Ridley Scott's Prometheus have many prerequisites to become a big success. It has a great director. It sports a capable cast. The movie has a cult relative in the face of Alien. It impresses with spectacular well-crafted visuals. The story has a good premise. The narrative is full of surprises and twists. The film has an own (alienated) atmosphere. There is a huge ground for lots of curious discoveries to be expected. Yet, the movie fails to take advantage of all these privileges. What could have turned into another classic movie is doomed by a weak script, plenty of ambiguity and unnecessary (sometimes ridiculous) events and characters.
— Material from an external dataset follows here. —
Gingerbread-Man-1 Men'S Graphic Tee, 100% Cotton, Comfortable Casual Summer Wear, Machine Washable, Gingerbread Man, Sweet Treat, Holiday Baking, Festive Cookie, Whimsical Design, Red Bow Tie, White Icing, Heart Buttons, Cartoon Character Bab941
Prometheus is set in the not so distant future (something not believable on its own having in mind the modest progress of the humanity in regard to space travels in the last decades). A group of scientists discovers clues related to the creation of the mankind, which lead them to a distant planet. They expect to find answers to the important questions about the origins of the humanity. Instead, they find traces of former destruction and an imminent threat for their own existence. The future of the Earth and the human race may also be in danger.
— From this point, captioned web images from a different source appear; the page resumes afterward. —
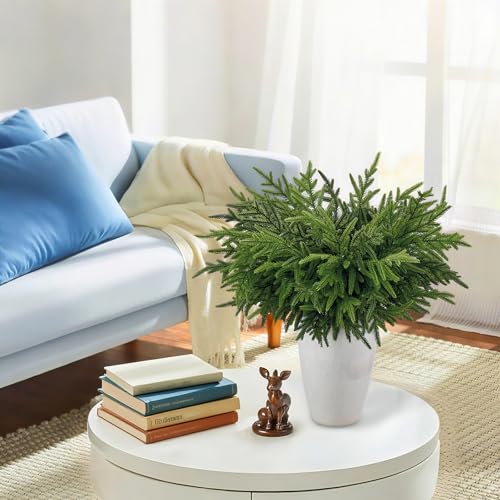 HIKISS 30 Pcs 24 Inch Realism Artisan-Crafted Norfolk Pine Branch - Artificial Christmas Greenery Stems with Lifelike Color Faux Cedar Pine Picks for Garland Wreaths Vases & DIY Indoor/Outdoor Décor — view 3
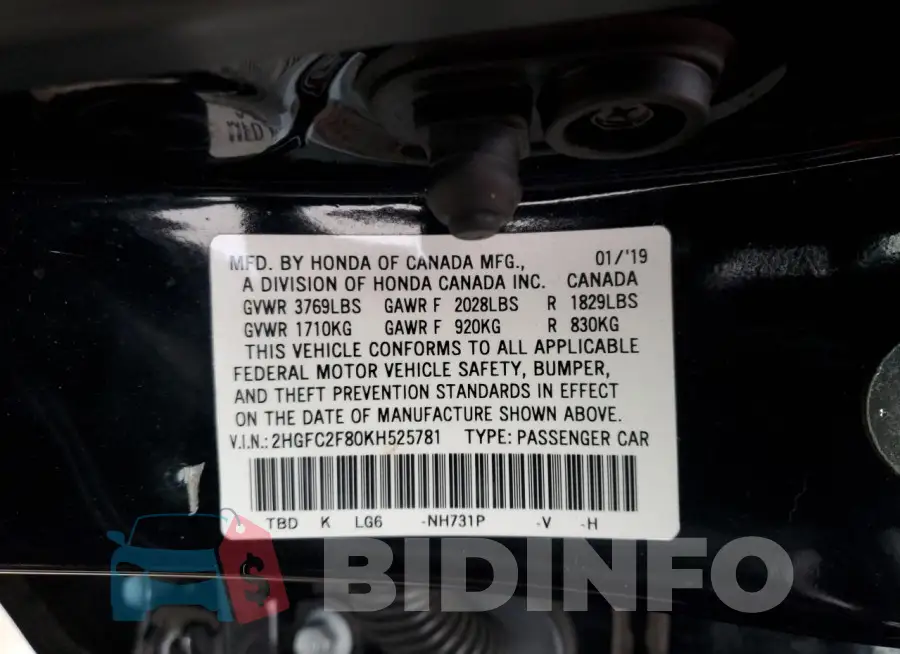 2HGFC2F80KH525781 Photo# 12
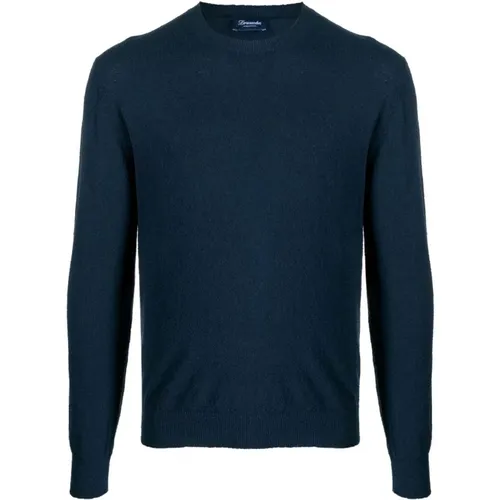 Blauer Crew-Neck Sweater,Round-neck Knitwear,AZZURRO Crew-Neck Sweater - Drumohr - Modalova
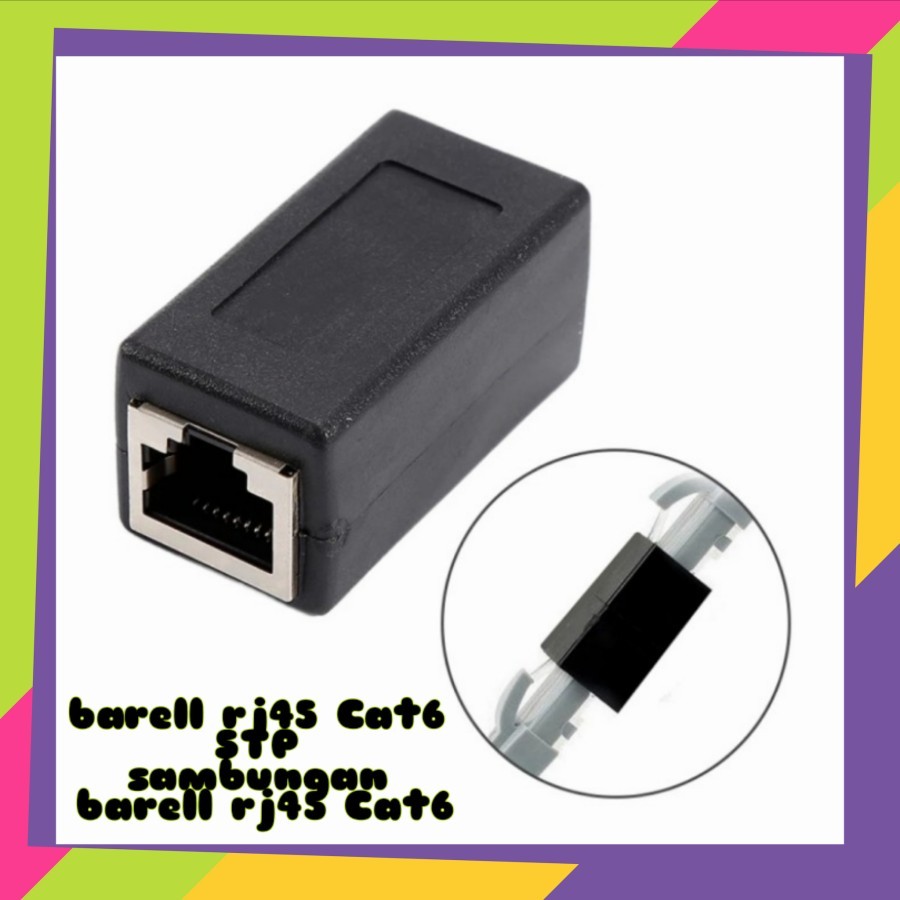 Sambungan Barel Rj45 Cat6 STP/Connektor Rj45 STP Cat6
Prometheus is visually stunning. The special effects are very well done and there is not much to be desired in this aspect. As often happens though, 3D is not really needed to make the film better looking. The movie is limited in its location span but this is not an actual problem cause there is still enough space to be explored and discoveries to be made. What limits the film's soaring is that each new secret unveiled to the audience creates a bigger mess instead of answering questions.

Prometheus is not boring and it offers enough unexpected moments but when each event adds to the mystery rather than solving it, the appeal of the movie suffers (at least in the eyes of the broad audience). And I am not talking only about not answering the question of the mankind's origin. Pretty much every other single subplot is lost in obscurity. And what is more bizarre, the lack of distinctness is heavier in the actions of non-human characters. Yes, one can accept all of it by either inventing own versions of the missing pieces of the puzzle or by imagining that everything will be explained in a sequel. But this is not how a self-contained feature film should be done. Even the utterly unnecessary prequels to the original Star Wars trilogy were relatively self-contained and completed on their own.
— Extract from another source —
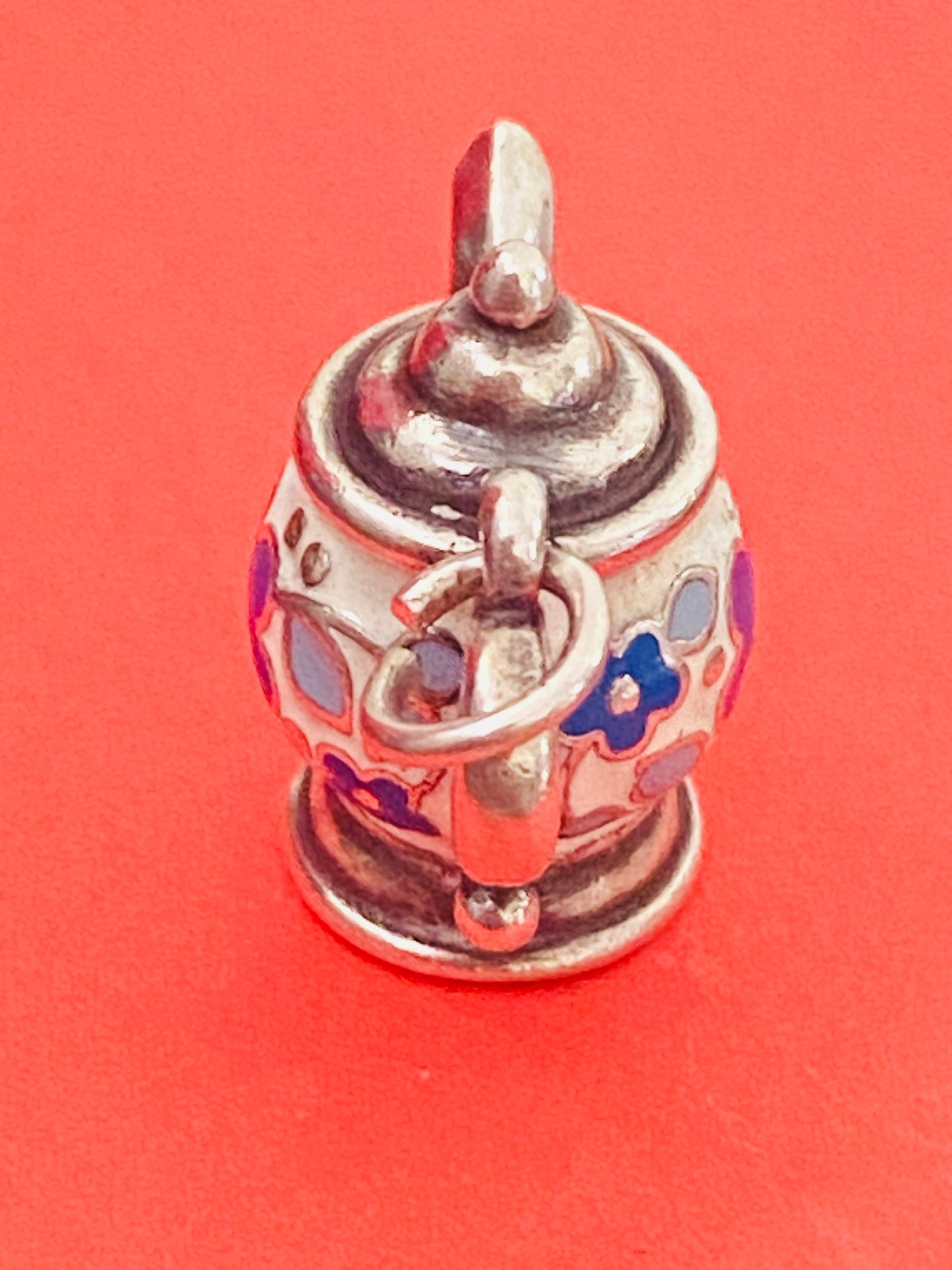 Preowned James Avery Retired Silver And Enamel Teapot Charm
The acting in Prometheus is generally Ok but there are some strange casting decisions, e.g., Guy Pearce is in an episodic role of a very old man (without any obvious reason for choosing a not-so-old actor). Michael Fassbender as David gives the most memorable performance in a movie that is not supposed to leave enough room for demonstrating great acting. Noomi Rapace and Charlize Theron are fine in their parts (as far as the script allows them). The rest of the cast with the exception of Logan Marshall-Green and Idris Elba who have a bit more of a screen presence is almost forgettable.

The movie raises some associations with Stanley Kubrick's 2001: A Space Odyssey, mainly in regard with leaving most of the questions about the humanity unanswered and the way an artificial intelligence character behaves. Similar to Kubrick's movie Prometheus also offers some great visual effects. Of course, for the fans of the Alien franchise has been thought of as well and there is material for them too.

Prometheus has an interesting story in spite of its numerous flaw. It is not boring and holds your attention most of the time. There is enough to justify seeing it. The problem is the film promises more than it actually delivers and the excessive vagueness spoils its completeness. Prometheus feels more like an episode in a series rather than a separate solid movie.